Ditthapron Apiwat, O Agu Emmanuel, C Lammert Adam
Computer Science DepartmentWorcester Polytechnic Institute Worcester MA 01609 USA.
Biomedical Engineering DepartmentWorcester Polytechnic Institute Worcester MA 01609 USA.
IEEE Open J Eng Med Biol. 2021 Mar 4;2:304-313. doi: 10.1109/OJEMB.2021.3063994. eCollection 2021.

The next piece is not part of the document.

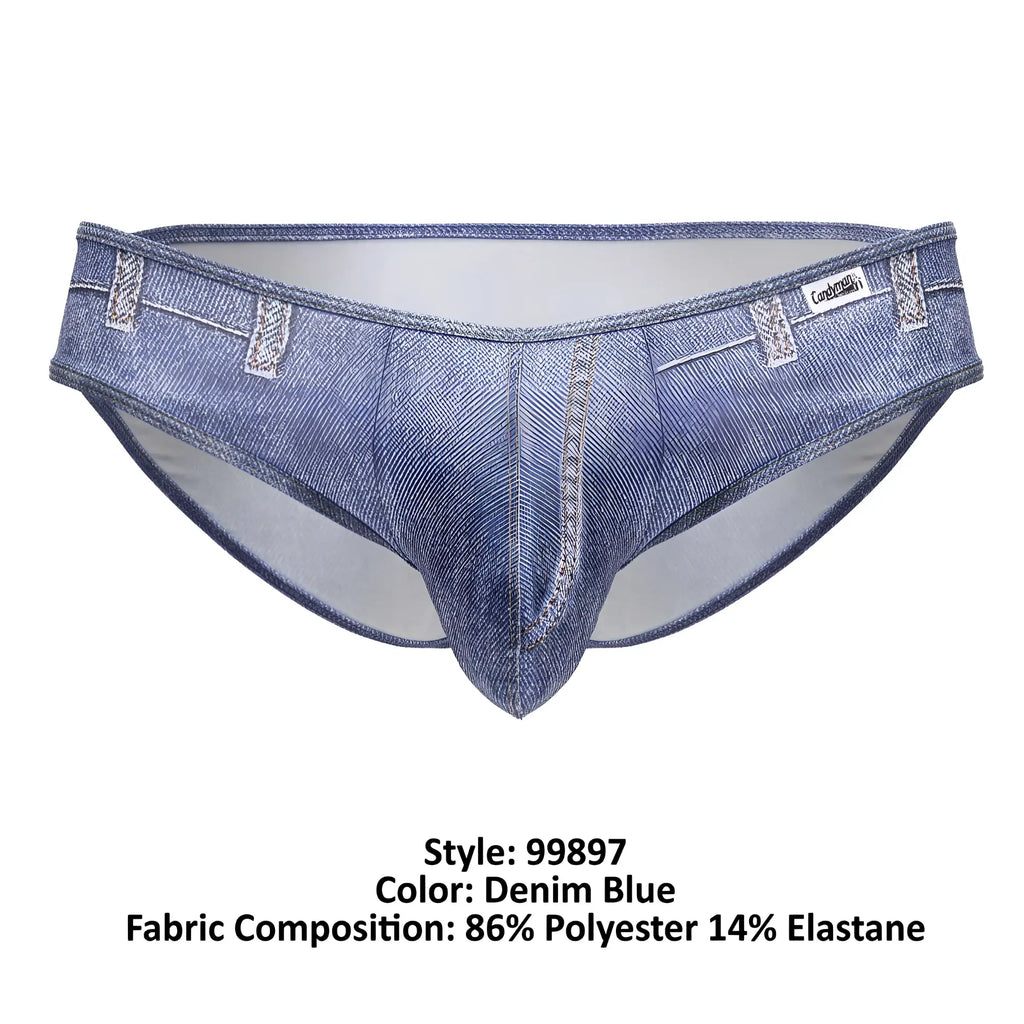 Denim blue men’s briefs candy man 99897 cowboy briefs with faux denim texture and stitched pocket details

Smartphones can be used to passively assess and monitor patients' speech impairments caused by ailments such as Parkinson's disease, Traumatic Brain Injury (TBI), Post-Traumatic Stress Disorder (PTSD) and neurodegenerative diseases such as Alzheimer's disease and dementia. However, passive audio recordings in natural settings often capture the speech of non-target speakers (cross-talk). Consequently, speaker separation, which identifies the target speakers' speech in audio recordings with two or more speakers' voices, is a crucial pre-processing step in such scenarios. Prior speech separation methods analyzed raw audio. However, in order to preserve speaker privacy, passively recorded smartphone audio and machine learning-based speech assessment are often performed on derived speech features such as Mel-Frequency Cepstral Coefficients (MFCCs). In this paper, we propose a novel Deep MFCC bAsed SpeaKer Separation (Deep-MASKS). Deep-MASKS uses an autoencoder to reconstruct MFCC components of an individual's speech from an i-vector, x-vector or d-vector representation of their speech learned during the enrollment period. Deep-MASKS utilizes a Deep Neural Network (DNN) for MFCC signal reconstructions, which yields a more accurate, higher-order function compared to prior work that utilized a mask. Unlike prior work that operates on utterances, Deep-MASKS operates on continuous audio recordings. Deep-MASKS outperforms baselines, reducing the Mean Squared Error (MSE) of MFCC reconstruction by up to 44% and the number of additional bits required to represent clean speech entropy by 36%.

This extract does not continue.